■ Exercise material ■
.....

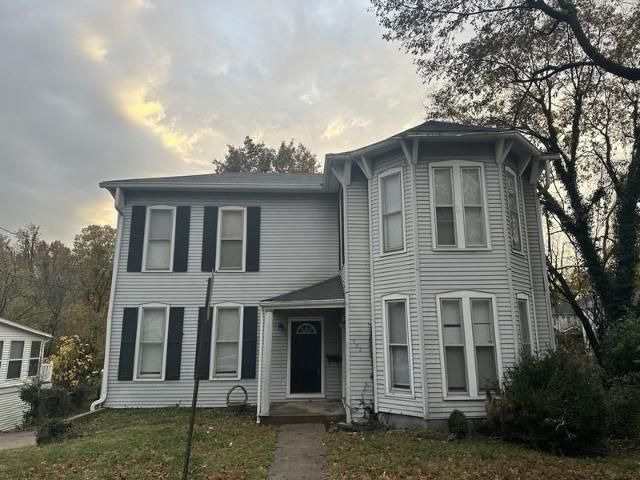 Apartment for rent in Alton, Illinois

.....

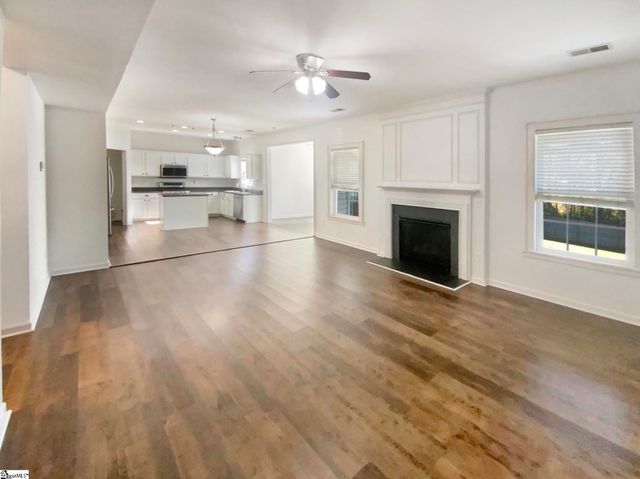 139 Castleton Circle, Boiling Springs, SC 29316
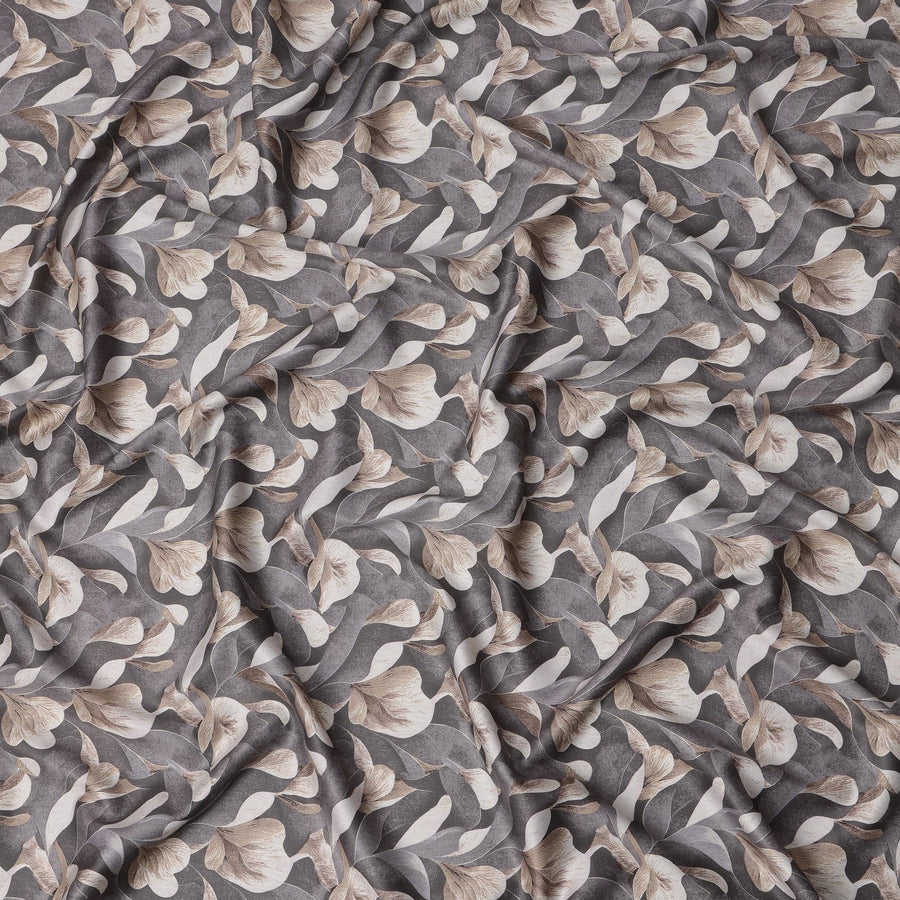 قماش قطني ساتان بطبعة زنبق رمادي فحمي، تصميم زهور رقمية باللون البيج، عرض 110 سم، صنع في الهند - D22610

.....

■ Task instructions ■
Above are entries with pictures among them. Write out exactly the lines from the one containing "139 Castleton Circle, Boiling" through the one containing "قماش قطني ساتان", ends included, and leave those pictures out.

■ Response to the exercise ■
 139 Castleton Circle, Boiling Springs, SC 29316
 قماش قطني ساتان بطبعة زنبق رمادي فحمي، تصميم زهور رقمية باللون البيج، عرض 110 سم، صنع في الهند - D22610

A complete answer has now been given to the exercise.